橘玲の小説、『ダブルマリッジ』(2017年、文藝春秋)を読みました。依頼された原稿の修正を終えて、解放感に浸りながら、酎ハイを飲みつつ、一気読みでした。
著者の小説は、『マネーロンダリング』(2002年、幻冬舎)、『永遠の旅行者』(2005年、幻冬舎)、『タックスヘイヴン』(2014年、幻冬舎)を、読んだことがあります。
ストーリーは、「大手商社のエリート社員、桂木憲一は、妻、大学生の娘と幸せな家庭を築いていた。が、パスポート更新のために、戸籍謄本を取り寄せたことから、生活が暗転しはじめる。なんと、最新の謄本には、「婚姻」欄に、妻の里美と並んで、マリア・ロペスというフィリピン人女性の名が書かれていたのだ。
さらに数日後、憲一の自宅に、一通の封書が届く。中を確認した妻は悲鳴をあげた。送られてきたのは新たな戸籍謄本で、そこには「長男」として「ケン」という名が書かれていた。
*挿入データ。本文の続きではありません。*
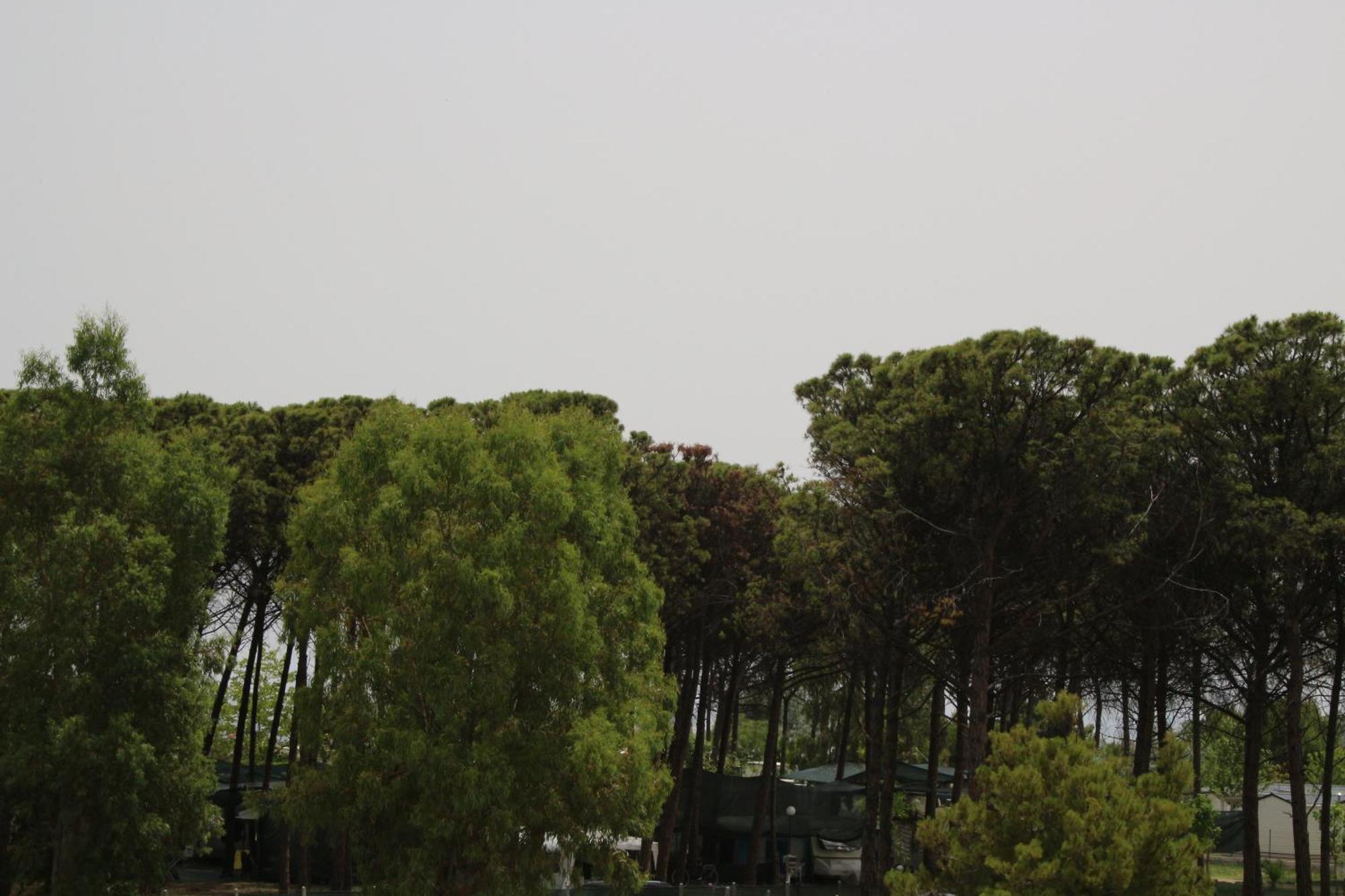 Levante Marina di Schiavonea Dış mekan fotoğraf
それにしてもマリアはなぜ、今になってこのような行動に出たのか。事実に基づく驚天動地のストーリー」というもの。
この小説では、フィリピンと日本が、おもな舞台です。端々に出てくる情景や設定は、取材にもとづく部分が多いのか、前3作の小説ほど、詳細でリアルではありません。ただ、興味深く読みました。
私は、スポーツクラブから帰宅するさい、自転車で夜の千葉の繁華街を通るのですが、「フィリピン・パブ、いかがですか。1時間、2,000円で、飲み放題。カラオケ無料!」といった客引きのお兄さんがいます。浅黒い肌のミニスカートの女性が、数人、路上で、タガログ語らしい言語で話しています。
日本とフィリピンとの関係は、まだ変わっていない部分もあるようです。